I nuovi leader, proprio nel nome del popolo sovrano, tendono a costruire un potere demagogico, accentratore, che disprezza regole e controlli e che, a tratti, sembra incompatibile con una corretta gestione del potere.
Questo atteggiamento ricava gran parte della sua forza anche dagli straordinari cambiamenti di cui è stata oggetto la comunicazione di massa che, senza adeguate mediazioni, spinge i cittadini-popolo a seguire gli imbonitori e i loro messaggi semplici e disintermediati.

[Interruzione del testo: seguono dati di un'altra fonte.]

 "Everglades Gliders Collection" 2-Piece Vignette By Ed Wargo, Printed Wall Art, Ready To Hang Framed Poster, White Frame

Si propongono soluzione attraenti, si descrive una realtà alterata in cui le regole possono essere aggirate e in cui il governo, come un buon padre di famiglia, si occuperà dei figli cittadini, restituendo loro il mal tolto. Questa visione distorta, fondata su messaggi spesso falsi, impedisce che emerga una responsabilità pubblica collettiva. Il risultato è un’assenza di senso delle istituzioni.
Oggi, più che mai, l’antidoto contro queste dannose spinte sarebbe il rilancio dell’educazione intesa anche come capacità critica nei confronti della politica e della società. Un’educazione per la politica e alla politica. Un’educazione che restituisca ai cittadini la capacità di comprendere, approfondire, valutare, sentire, scegliere, decidere.
Tutti gli studi dimostrano che alle radici del populismo c’è un drammatico deficit di istruzione. La stagione politica 2016-2017 con la Brexit, l’elezione di Trump, il referendum turco, il duello tra Macron e la Le Pen, ha indicato in tutta la sua evidenza che oggi la frattura è tra laureati e non laureati, centri urbani e periferie.
Quando si citano questi dati, le reazioni sono ostili e si riassumono nel timore che le élite tolgano il voto al popolo. Paura espressa in un tono rabbioso e sprezzante, financo violento. Se la politica fosse razionale oggi si impegnerebbe per colmare questo divario, prima che il fossato dell’odio e del rancore diventi troppo largo per essere colmato.
Si impegnerebbe per rimettere al centro della sua agenda istruzione ed educazione, diffondendo nelle periferie servizi, infrastrutture, rete, cultura. Solo istruzione e conoscenza possono indicare la strada e salvare la democrazia dall’ideologia populista.
Perché è del tutto evidente che se le scelte delle persone nascono da informazioni scorrete e mendaci, basate su pregiudizi, slogan e bugie, la democrazia perde la sua forza e si trasforma in un sistema inefficace. Se l’educazione smarrisce il suo senso e il suo valore, la democrazia diventa un sistema di governo che è tale solo sulla carta.
La sua qualità passa attraverso l’educazione come strumento di rinascita della coscienza civile, dell’umanesimo sociale e dell’etica politica contro il trionfo del pensiero unico manipolato da una comunicazione distorta e aggressiva che trasforma i cittadini in sudditi.
In questo senso, diventa di fondamentale importanza anche ripensare in termini etici la politica e ridare senso e valore all’educazione come unico strumento per favorire il cambiamento e promuovere l’emancipazione.
Altrimenti siamo destinati a una deriva in cui la mancanza di coscienza critica aumenterà il culto del potente di turno e la più devastante demagogia.